再愛婚~別れを告げた御曹司に見つかって、ママも息子も溺愛されています~
「いいんじゃないですか? うちの幹太は、私の騎士ですから。きっと私を助けてくれますよ」

 暗に〝幹太を手懐けても無駄ですよ〟とほくそ笑むと、ノアは肩を竦めた。

「君の騎士は君以上に手強いからねぇ……。また、別の手を考えるよ」

 ヒラヒラと手を振って、ようやくノアが自分のデスクへと戻っていく。
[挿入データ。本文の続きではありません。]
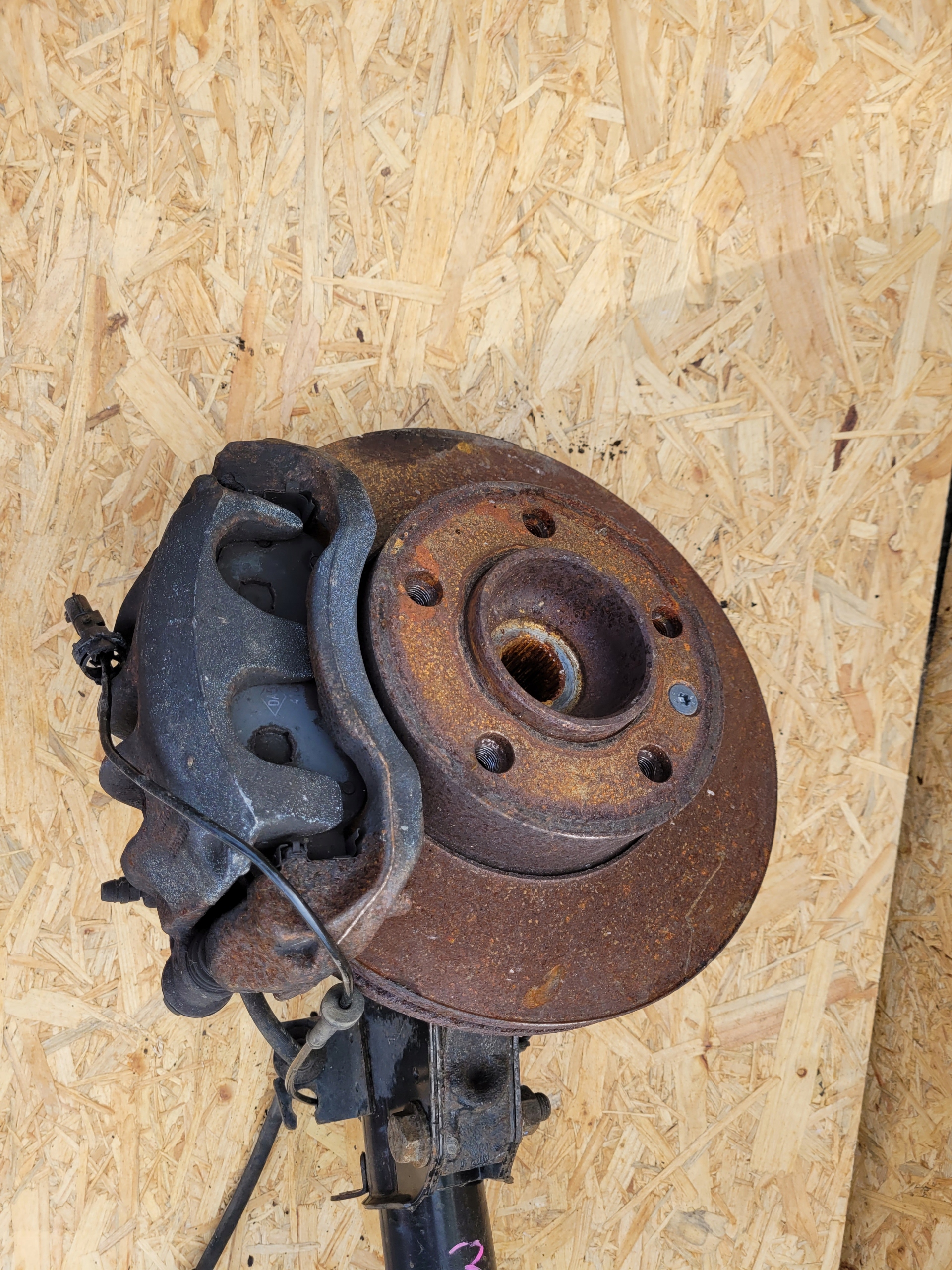 swing right McPherson RENAULT MASTER III 2.3 DCI
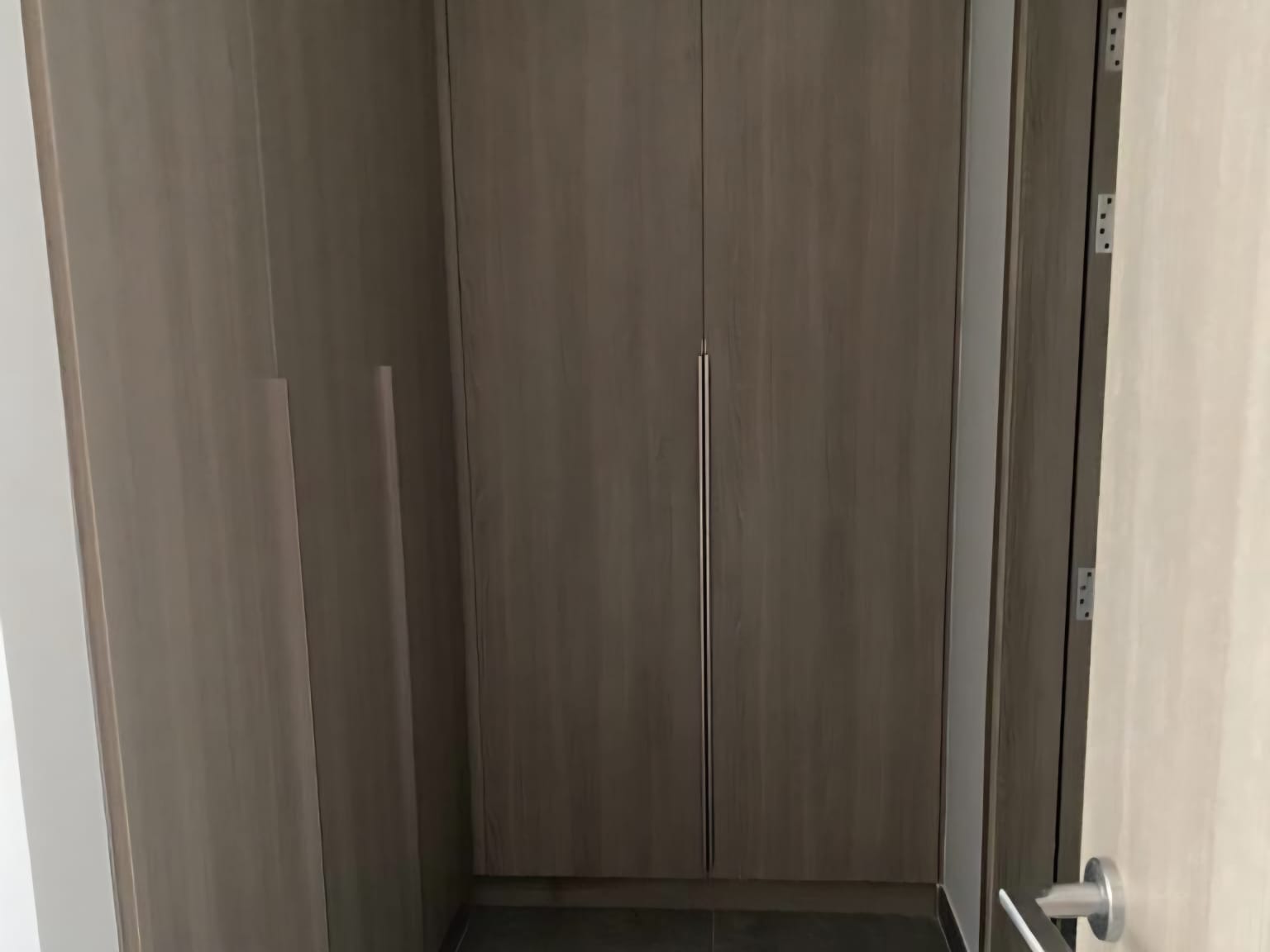 Full Marina view +Maids Room High floor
だが、歩いている最中から、表情がガラリと変わる。
 ビジネスマンとしての顔に変わり、すでに頭の中は真綾のことではなく仕事に切り替えているのだろう。
 
 そういうところは、さすがだ。尊敬できる上司である。
 だが、そろそろ諦めてほしい。
 小さく息を吐き出したあと、古巣である本社に日本の新商品の動きについてメールを送った。
 
 午前中は本社とのやり取りで潰れてしまい、こなさなければならない書類作成が出来なかった。午後から猛スピードで取り組まなければならないだろう。
 
 同じチームの女子社員数人とランチを食べながら、以前までのチームの話に耳を傾ける。